I do, however, find it interesting that you, Dr. Gorski, come from the medical specialty where “NOWHERE IN MEDICINE IS THIS MORE OF A PROBLEM THAN IN SURGERY. Even essential surgery may pose risk of infection, medical error, or a bad reaction to anesthesia. But risks are compounded because many common surgical techniques are not as effective as physicians believe or are simply performed on the wrong patients, says Guy Clifton, a neurosurgeon at the University of Texas Medical School at Houston and author at Flatlined: Resuscitating American Medicine.

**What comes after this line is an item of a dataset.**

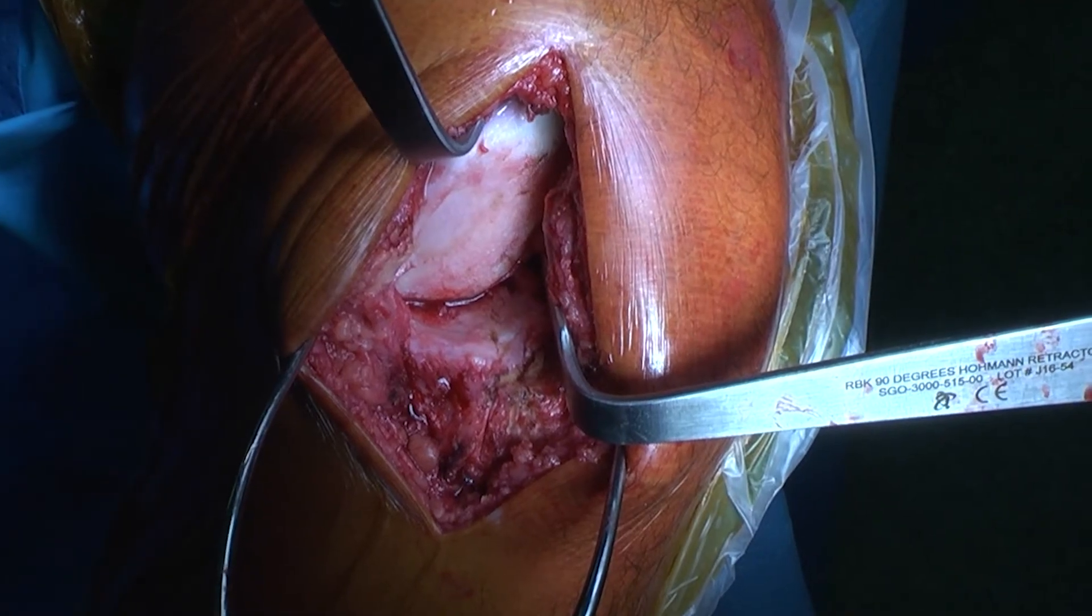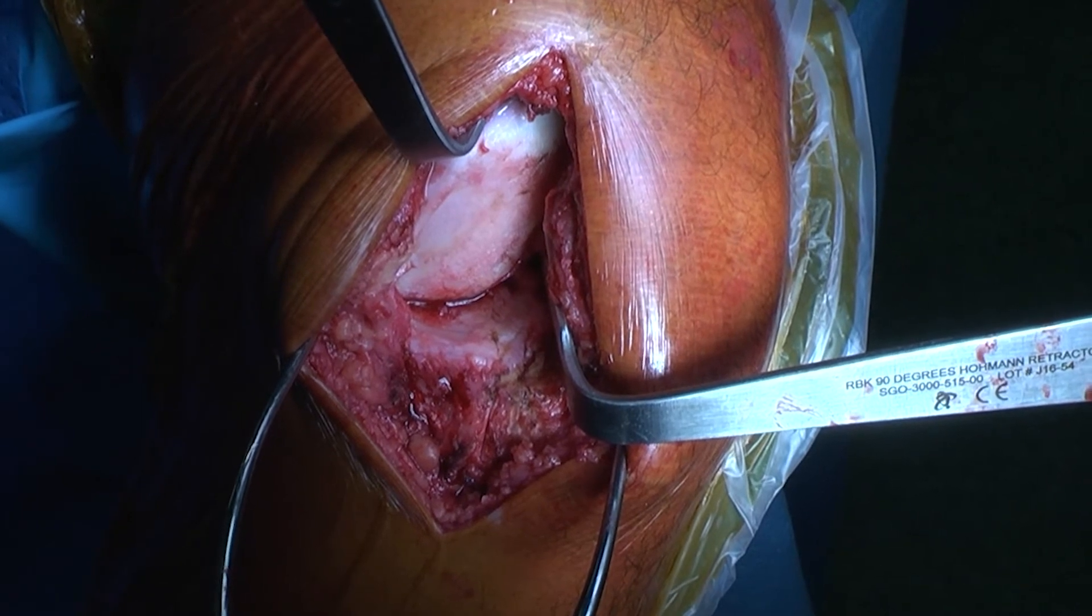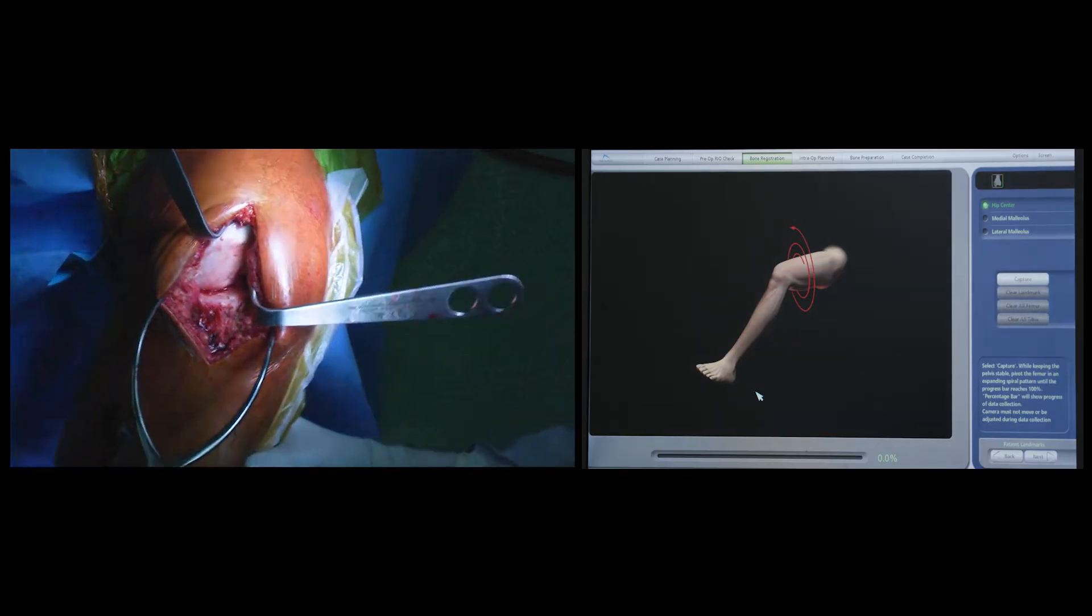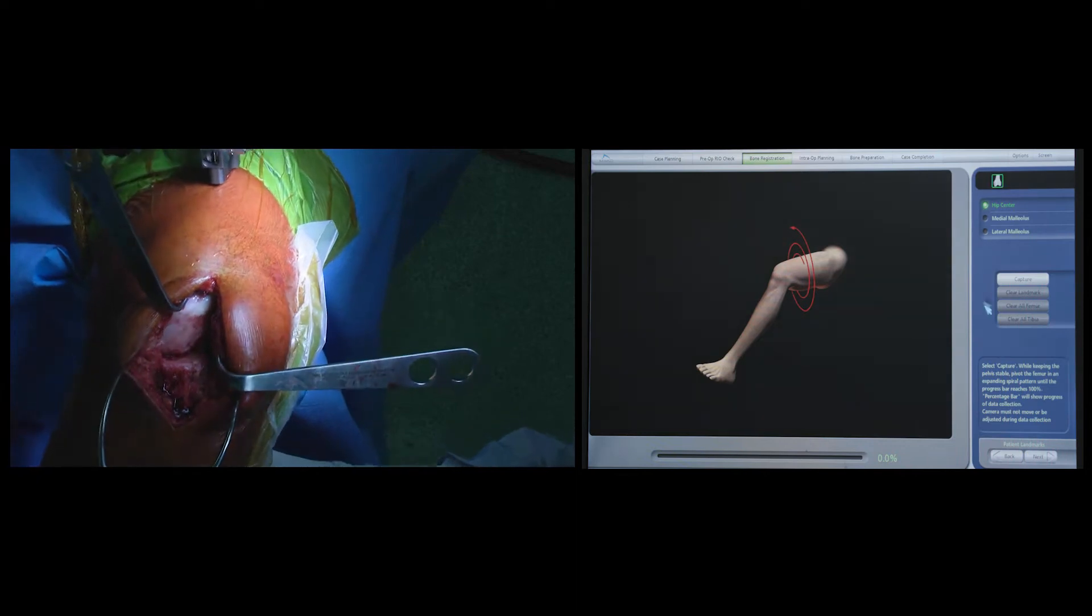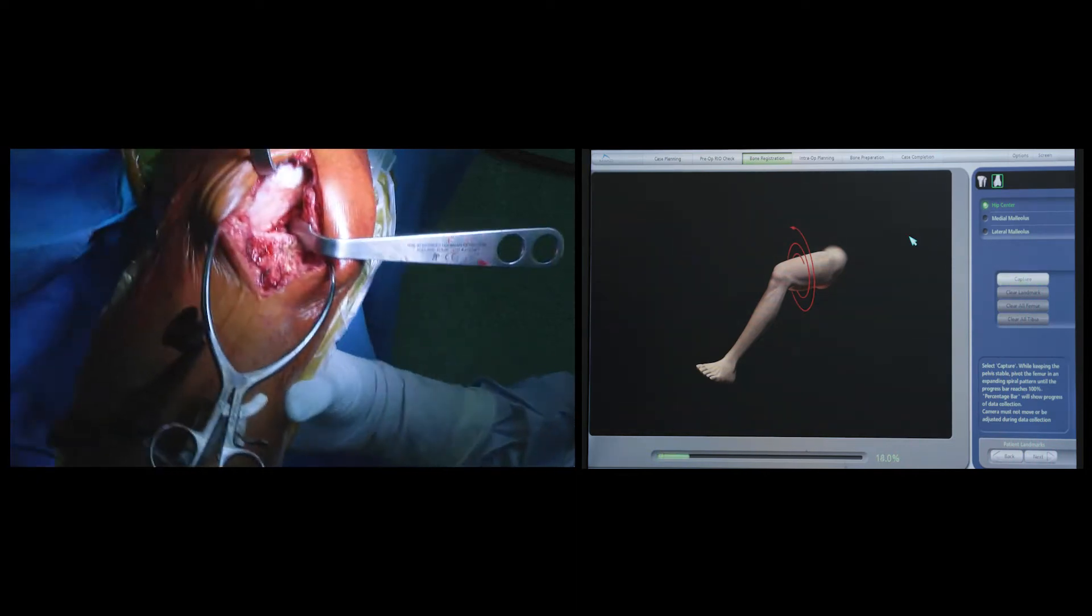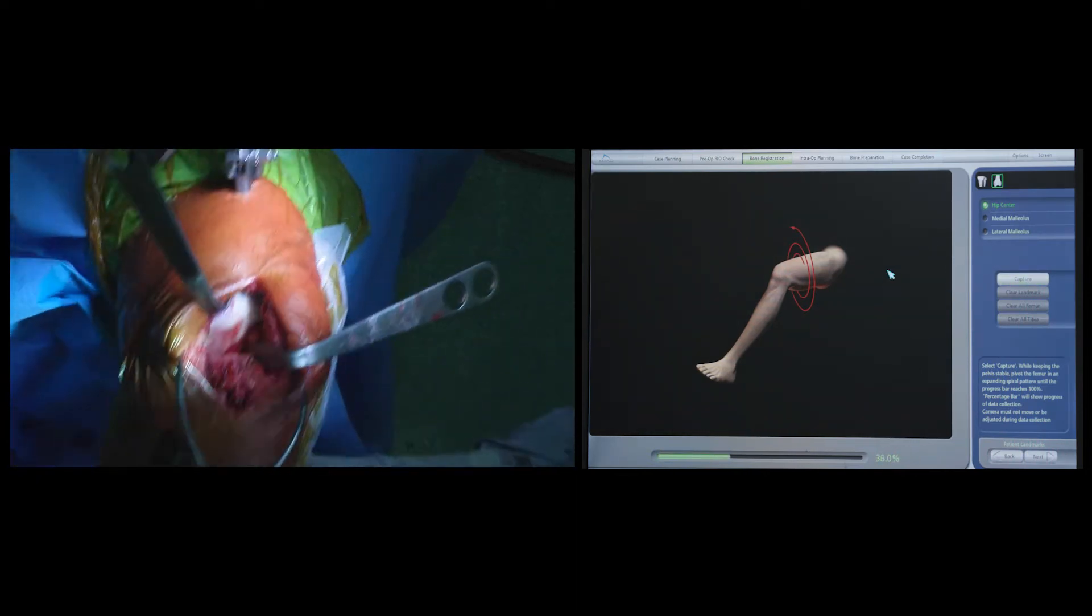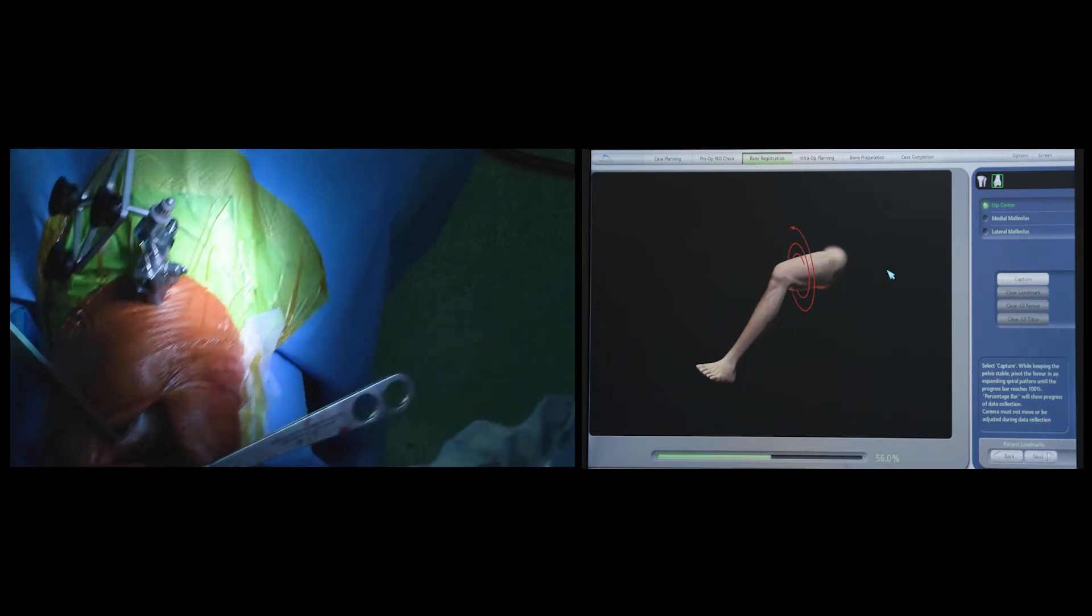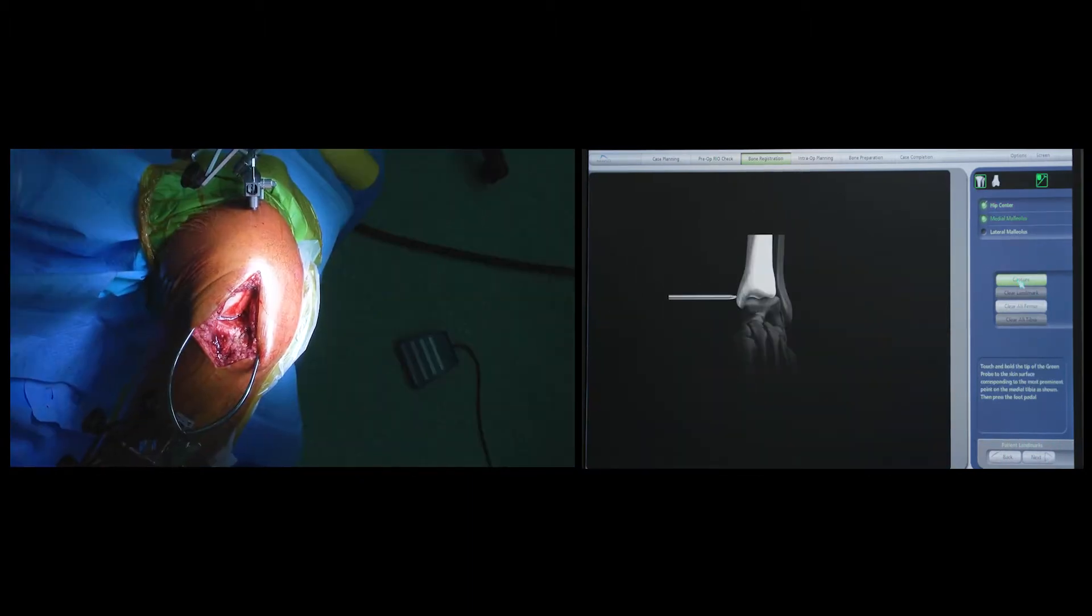Once I'm happy with the exposure, the next step is to register the center of the hip and center of the ankle. This is done by putting the hip through a range of motion and documenting the position of the medial and lateral malleoli using the pointer.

In 1989, as part of an effort to improve carotid surgery, vascular surgeons began employing a technique called stenting to prop open clogged carotid arteries with metal mesh tubes. Stenting is less invasive, but that does not necessarily mean it is safer. One study, conducted in France
and published in 2006 in the New England Journal of Medicine, had to be stopped because stenting was killing patients. Another large study, out this year, found that 4.7 percent of endarterectomy patients had a stroke or died within four years after surgery, compared with 6.4 percent of those receiving stents. Rothwell is not optimistic that even this evidence will dampen surgeons’ enthusiasm for stents. “One issue is how these fashions arise in medicine—why do doctors accept a new technique and begin using it widely?” he says. “Innovation in medicine is not synonymous with progress.”
YET NO COUNTRY HAS SET UP A SYSTEMATIC PROGRAM FOR EVALUATING NEW SURGERIES.
So it’s odd that you critically attack other modalities for a lack of supporting evidence while your own profession is equally guilty of the same inconsistencies. Where is your agitation for this grand abuse? Seems the pot is most certainly calling the kettle black.
I look forward to your response.
mattusmaximus said
Modern medical science isn’t perfect, and nobody ever claimed that it was. But it’s better than anything else we’ve got.
It’s also important to not confuse medical science with the distribution of medical care. The former is a question of science, the latter a question of economics and politics. Just because I have criticisms of how medical care is distributed (and I do) doesn’t mean that I need to throw out all of the valid medical science we’ve developed over hundreds of years of careful analysis. This is the mistake too many supporters of “alt-med” make: they make an unfounded connection to problems with our medical care system (i.e. business and politics) and medical science itself.